- _PROBLEM TO SOLVE_
An exact transcription is needed, starting at the line containing "Bonita mode jacken damen Clearance" and running through the last line of the records, with every picture left out.

- _MATERIAL TO PROCESS_
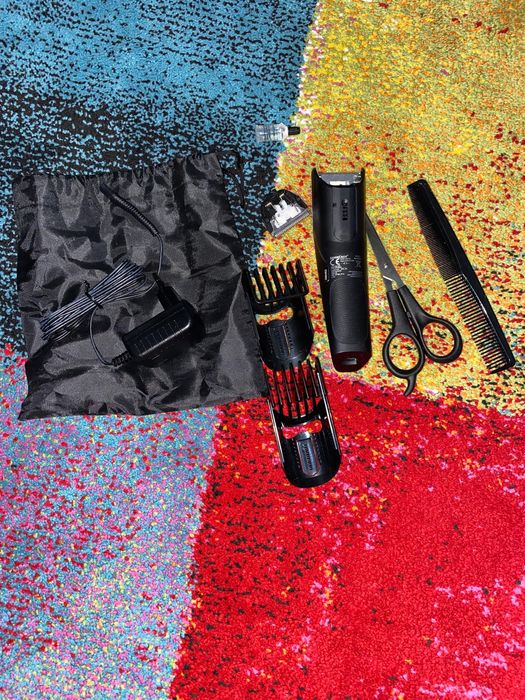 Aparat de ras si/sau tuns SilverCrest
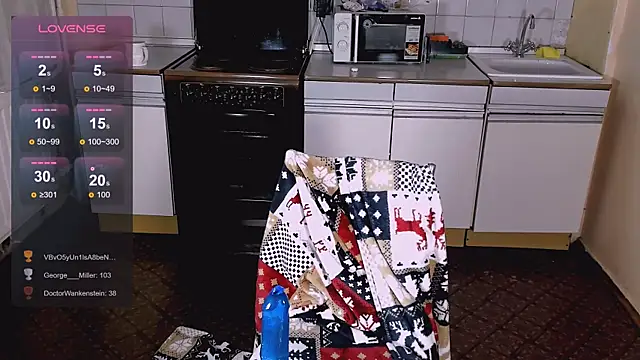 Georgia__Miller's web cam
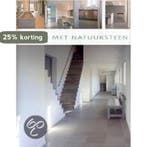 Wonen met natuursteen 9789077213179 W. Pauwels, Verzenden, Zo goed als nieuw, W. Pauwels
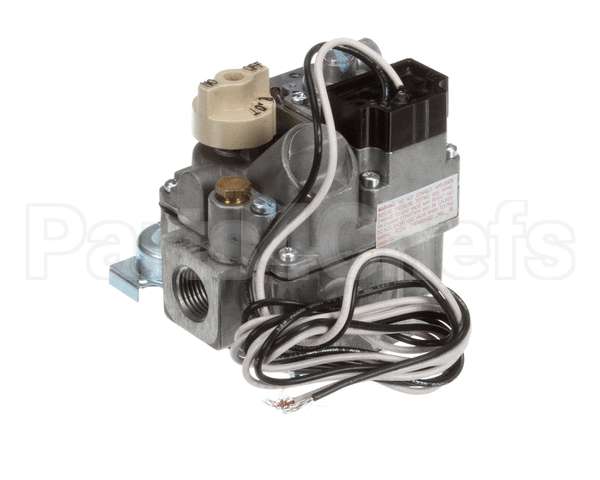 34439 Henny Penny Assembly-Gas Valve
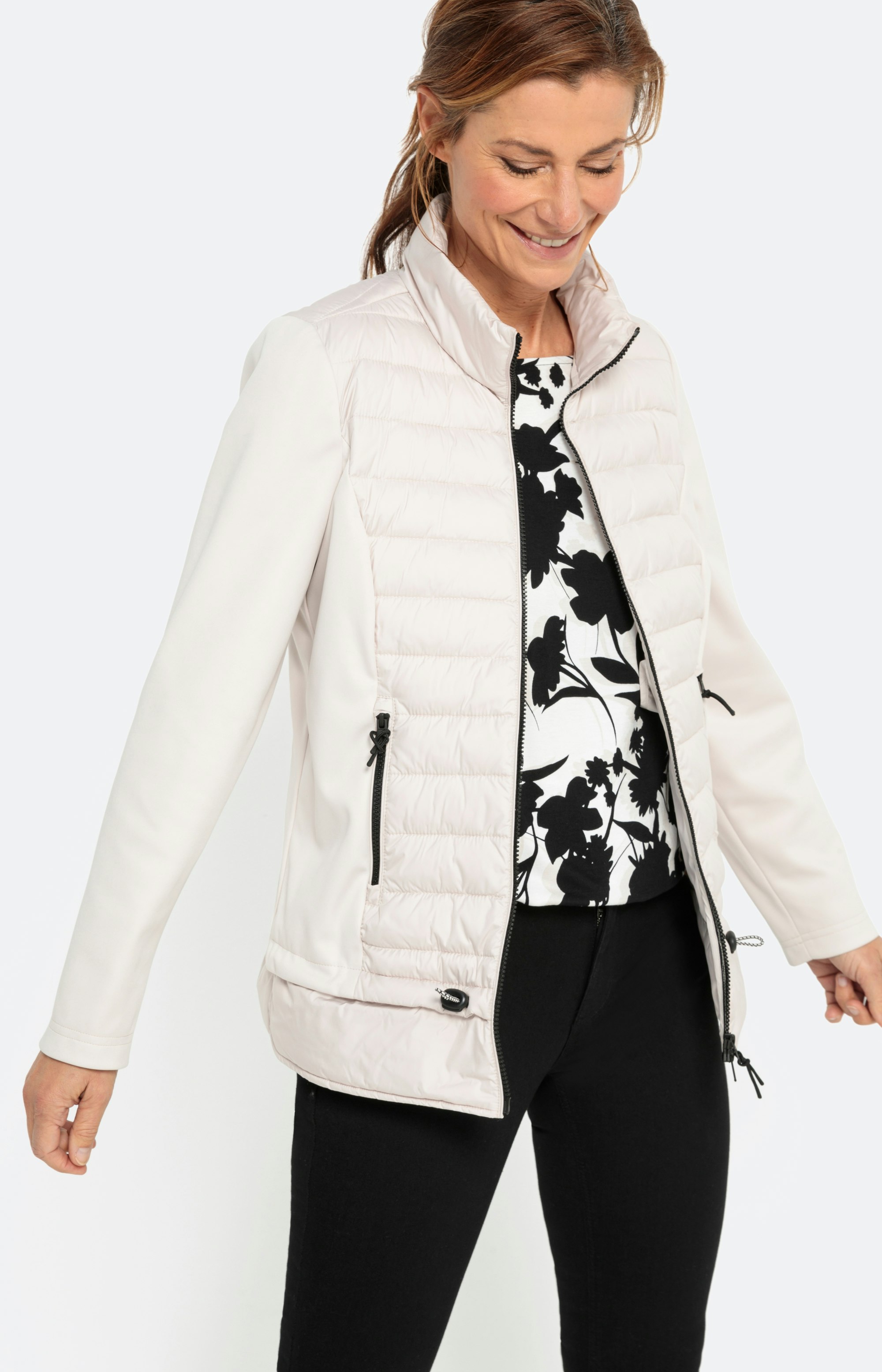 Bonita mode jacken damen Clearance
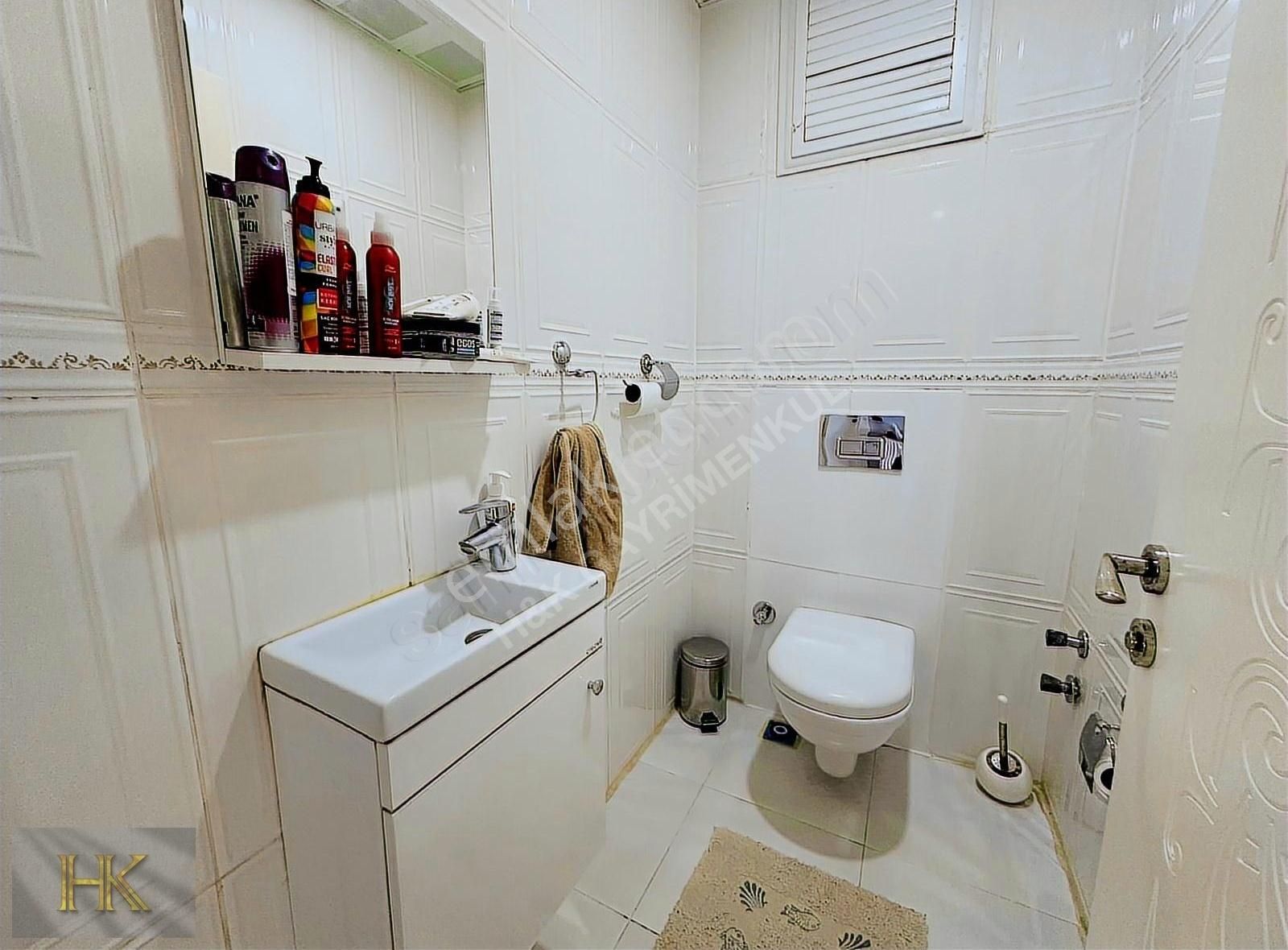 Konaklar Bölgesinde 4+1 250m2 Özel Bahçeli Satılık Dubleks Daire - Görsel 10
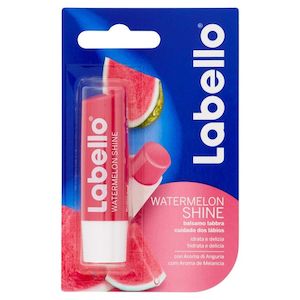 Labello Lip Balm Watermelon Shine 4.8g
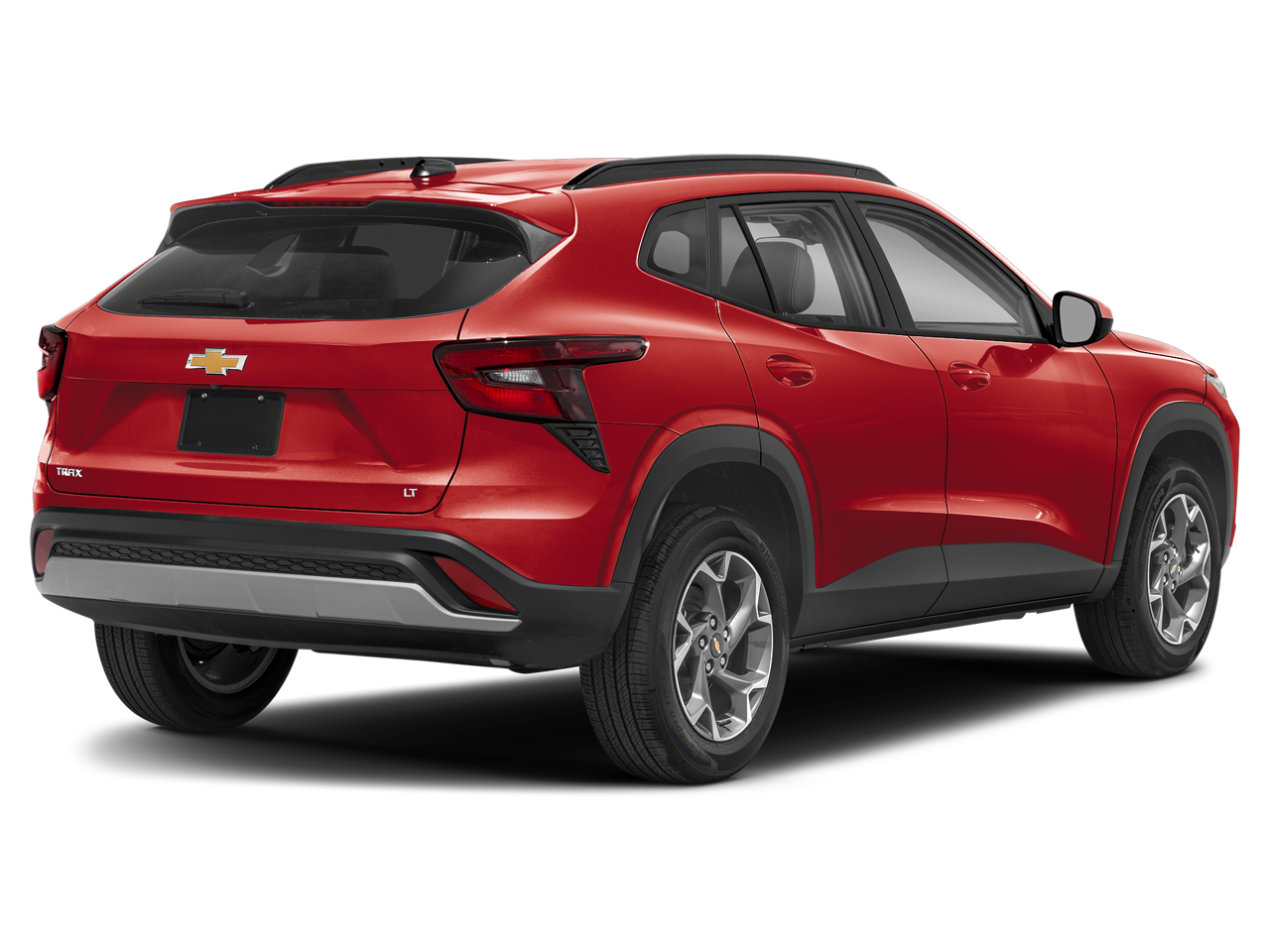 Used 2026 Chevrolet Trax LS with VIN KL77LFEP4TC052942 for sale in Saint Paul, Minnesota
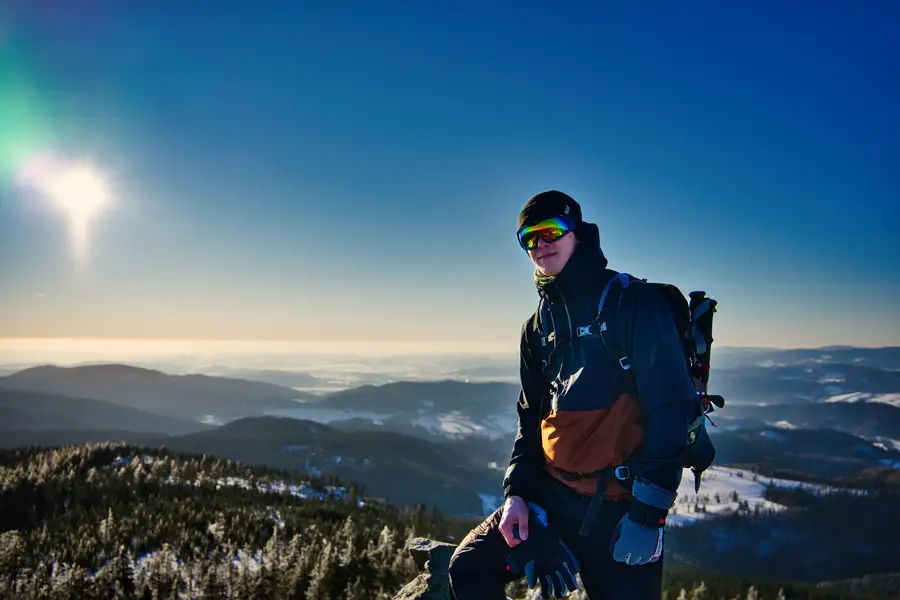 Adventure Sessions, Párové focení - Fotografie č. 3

- _FINISHED EXERCISE_
 Bonita mode jacken damen Clearance
 Konaklar Bölgesinde 4+1 250m2 Özel Bahçeli Satılık Dubleks Daire - Görsel 10
 Labello Lip Balm Watermelon Shine 4.8g
 Used 2026 Chevrolet Trax LS with VIN KL77LFEP4TC052942 for sale in Saint Paul, Minnesota
 Adventure Sessions, Párové focení - Fotografie č. 3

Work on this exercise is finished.